Hello,
I am hoping to ask about TOTALVI. I have followed the steps in the tutorial, however when I come to do vae.train() I get the following error which I do not understand:
GPU available: True, used: True
TPU available: False, using: 0 TPU cores
IPU available: False, using: 0 IPUs
/usr/local/lib/python3.7/dist-packages/pytorch_lightning/core/datamodule.py:424: LightningDeprecationWarning: DataModule.setup has already been called, so it will not be called again. In v1.6 this behavior will change to always call DataModule.setup.

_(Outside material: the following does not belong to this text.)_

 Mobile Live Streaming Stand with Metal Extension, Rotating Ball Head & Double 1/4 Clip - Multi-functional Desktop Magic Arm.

f"DataModule.{name} has already been called, so it will not be called again. "
LOCAL_RANK: 0 - CUDA_VISIBLE_DEVICES: [0]
/usr/local/lib/python3.7/dist-packages/pytorch_lightning/trainer/data_loading.py:323: UserWarning: The number of training samples (34) is smaller than the logging interval Trainer(log_every_n_steps=50). Set a lower value for log_every_n_steps if you want to see logs for the training epoch.
f"The number of training samples ({self.num_training_batches}) is smaller than the logging interval"

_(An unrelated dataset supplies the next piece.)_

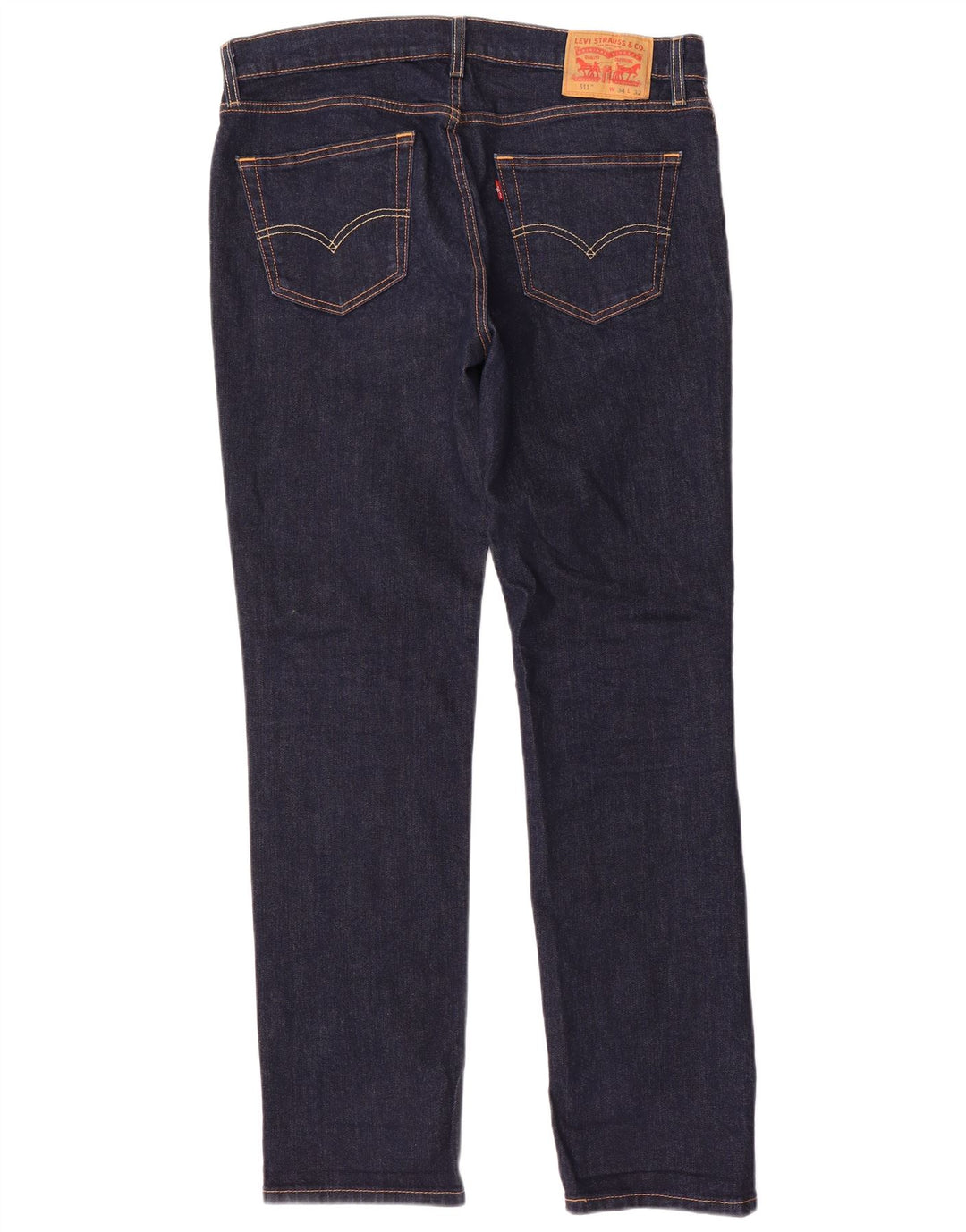 Levi's Mens 511 Slim Jeans W34 L32 Navy Blue Cotton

Epoch 1/400: -0%| | -1/400 [00:00<?, ?it/s]/usr/local/lib/python3.7/dist-packages/tqdm/std.py:538: TqdmWarning: clamping frac to range [0, 1]
colour=colour)
Epoch 1/400: -0%| | -1/400 [00:00<?, ?it/s]
---------------------------------------------------------------------------
KeyError Traceback (most recent call last)
<ipython-input-70-511a56042b55> in <module>()
----> 1 vae.train()
15 frames
/usr/local/lib/python3.7/dist-packages/scvi/train/_trainingplans.py in training_epoch_end(self, outputs)
133 n_obs, elbo, rec_loss, kl_local = 0, 0, 0, 0
134 for tensors in outputs:
--> 135 elbo += tensors["reconstruction_loss_sum"] + tensors["kl_local_sum"]
136 rec_loss += tensors["reconstruction_loss_sum"]
137 kl_local += tensors["kl_local_sum"]
KeyError: 'reconstruction_loss_sum'
I’ve pretty much followed the instructions to the letter so I’m not really sure why I get this error, or indeed what it means. I wonder if you could please advise? Many thanks in advance.